Almost immediately, Kathy shot back a note saying "Now doesn't that sound fun! I think you should be in charge of the niche. Has gardening been overdone, do you think? I'd enjoy character development, but I'm not sure if I could think of a mystery that hasn't already been done. Hmmm...something to think about while lying around for a couple of months (she's about to have both knees replaced).

I couldn't resist answering with "How about a main character who has moved to the Hill Country and is in the process of becoming a locavore? ;) Just think of the interesting characters you could introduce while she's out there searching for the best local growers, cheesemakers, vintners, olive oil producers and bakers. And what about that whole battle over whether it's better to buy organic, or local and seasonal? That's just fraught with tension!

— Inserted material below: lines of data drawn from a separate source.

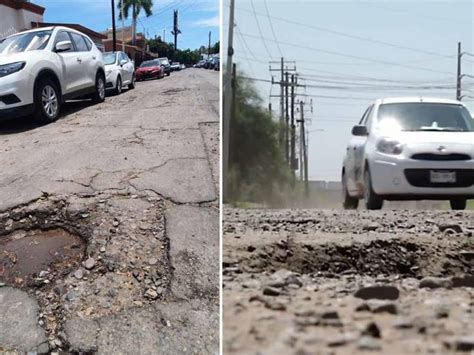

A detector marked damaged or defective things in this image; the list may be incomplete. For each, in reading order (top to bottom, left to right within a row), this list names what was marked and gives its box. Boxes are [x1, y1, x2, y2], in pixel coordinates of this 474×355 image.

large pothole [0, 228, 84, 290]
cracked asphalt [0, 68, 218, 354] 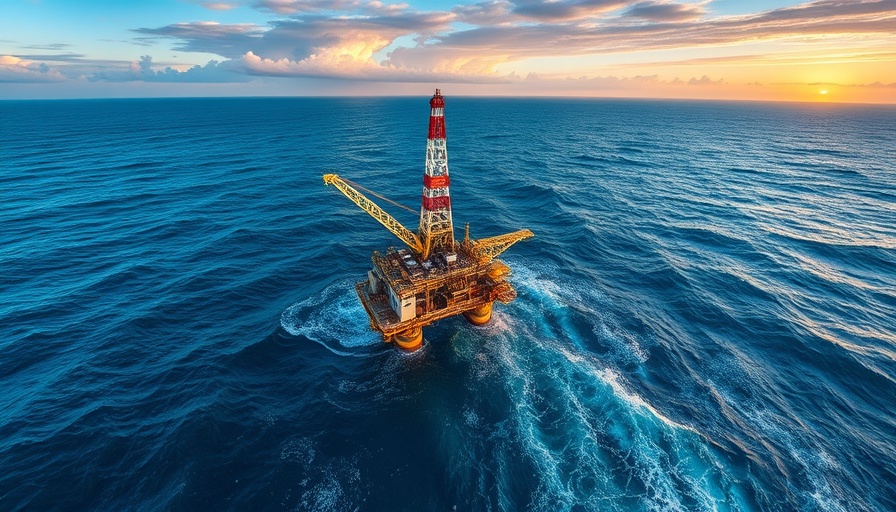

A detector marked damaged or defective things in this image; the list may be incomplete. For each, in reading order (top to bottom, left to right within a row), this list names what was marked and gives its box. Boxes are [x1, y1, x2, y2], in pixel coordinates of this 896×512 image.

rusty metal structure [322, 90, 532, 350] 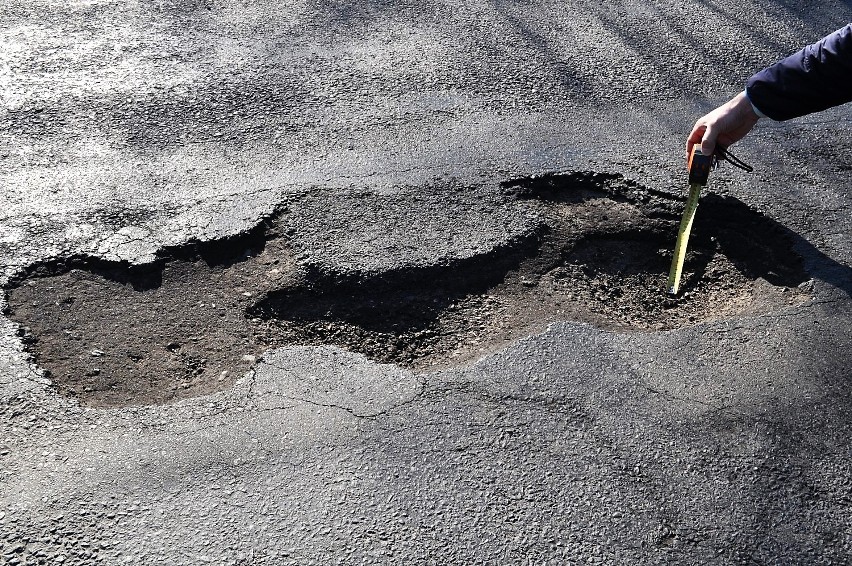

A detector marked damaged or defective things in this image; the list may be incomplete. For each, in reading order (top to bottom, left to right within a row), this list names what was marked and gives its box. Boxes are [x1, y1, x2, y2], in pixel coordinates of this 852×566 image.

large pothole [3, 173, 808, 408]
damaged road surface [3, 174, 808, 408] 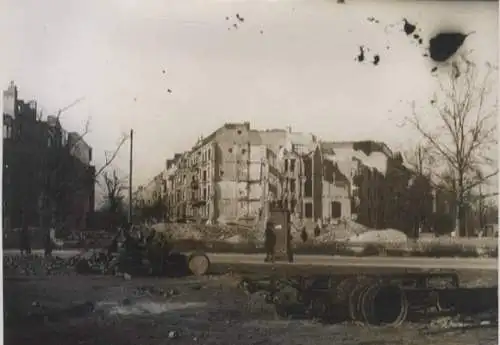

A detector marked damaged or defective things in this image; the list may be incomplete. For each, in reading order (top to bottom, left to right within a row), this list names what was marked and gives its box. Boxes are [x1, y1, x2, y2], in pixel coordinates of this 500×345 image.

damaged apartment building [140, 122, 434, 232]
rusted axle [238, 272, 496, 326] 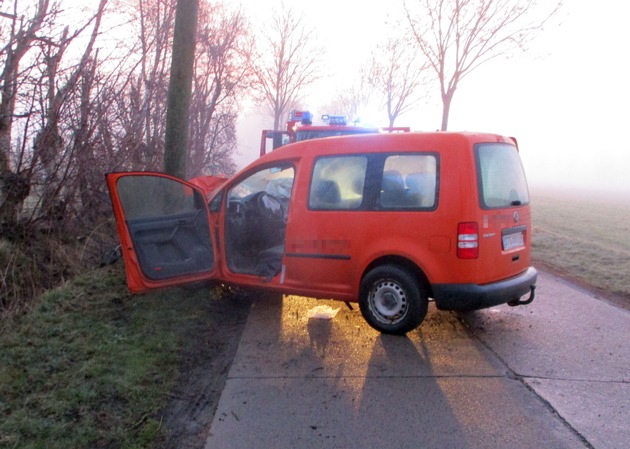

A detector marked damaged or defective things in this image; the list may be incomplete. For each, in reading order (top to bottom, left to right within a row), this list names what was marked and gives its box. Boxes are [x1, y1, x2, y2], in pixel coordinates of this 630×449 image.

crashed vehicle [107, 130, 540, 332] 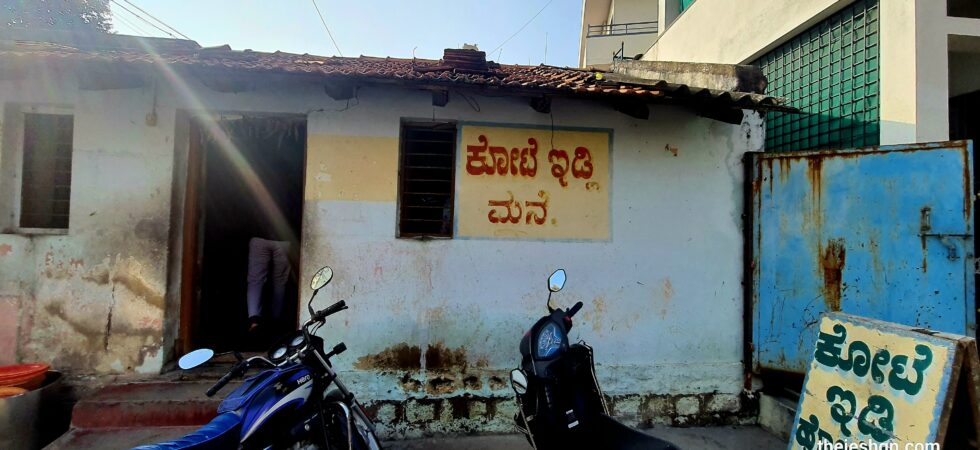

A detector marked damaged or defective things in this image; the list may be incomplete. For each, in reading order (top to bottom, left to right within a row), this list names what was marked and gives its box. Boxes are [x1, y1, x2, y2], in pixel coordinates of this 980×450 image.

rusty blue gate [752, 141, 972, 372] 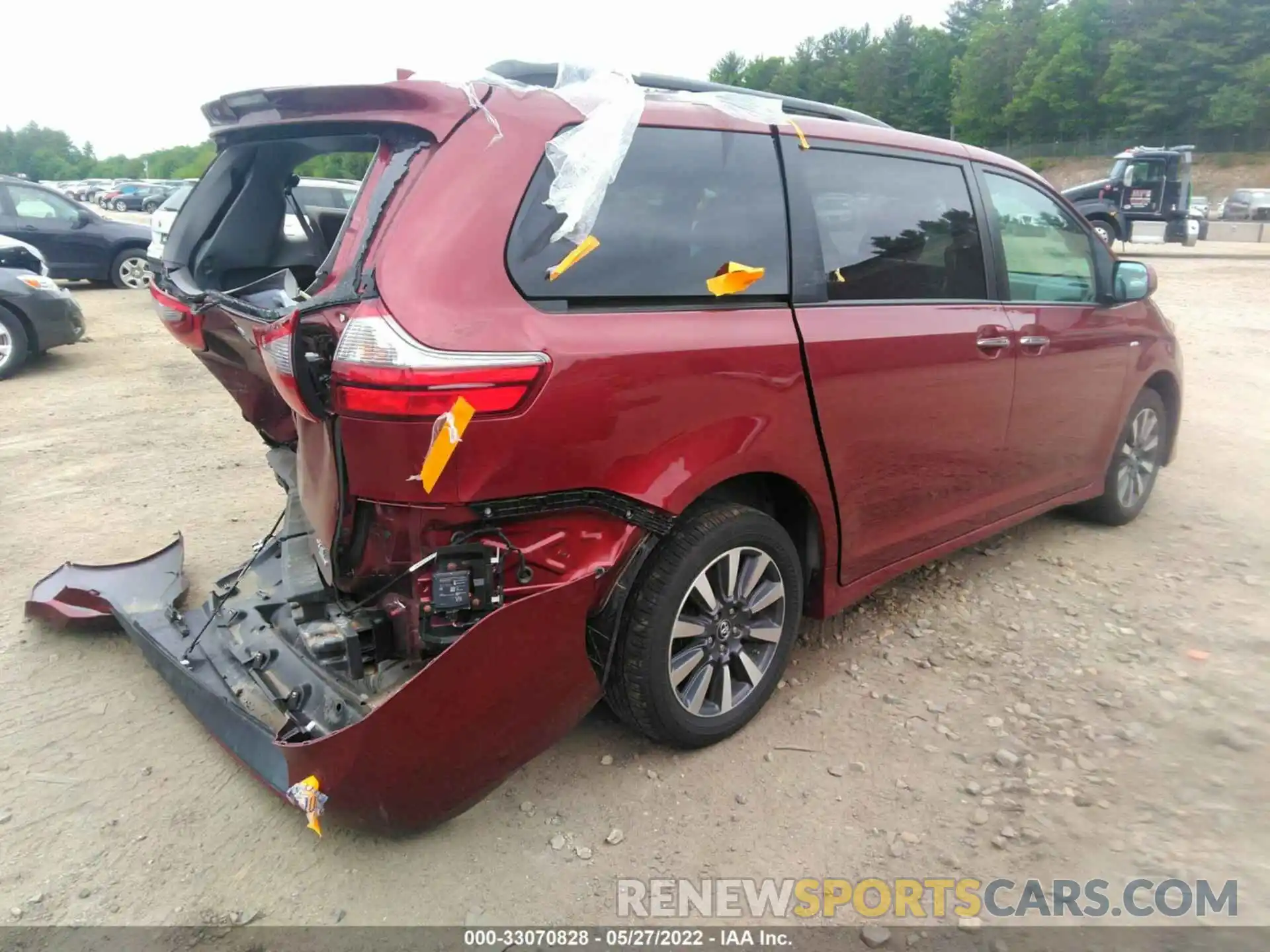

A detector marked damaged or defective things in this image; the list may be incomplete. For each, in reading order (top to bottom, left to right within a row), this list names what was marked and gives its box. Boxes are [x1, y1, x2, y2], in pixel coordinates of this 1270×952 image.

detached bumper [27, 532, 603, 830]
severe rear damage [26, 447, 659, 836]
damaged hatchback [27, 63, 1180, 836]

I'm pretty sure I lost her there, because her reply was "Locavore? Is that a real word, or did you just make that up?" However, just in case she does take this idea and run with it while she is laid up, I think you all should know that everything in this blog is copyrighted, and John has oodles of lawyers in his family!

2 comments:

susanalbert said...

Hey, HHH, tell Kathy to read Barbara Kingsolver's Animal, Vegetable, Miracle (you, too, if if you haven't read it). That'll teach her all about locavores and give you both some good ideas for your character. Barbara K and her family did just that: relocated and reconstructed their food lives. Lots of interest in this subject right now. But you'd better hurry, while the interest is high. And having a marketing expert on your team can't hurt, of course. (Thanks for mentioning the blog tour. It's really been fun.)

Hill Country Hippie said...

OH, I did read it, soon as it came out! Drove my family crazy with "Did you know...?"and "Can you believe...?"the entire time I was reading it.(That's where my blog entry entitled "Turkey Sex" came from.) Unfortunately, by the time I got around to joining Story Circle Network and doing book reviews for them, someone else had already beat me to it.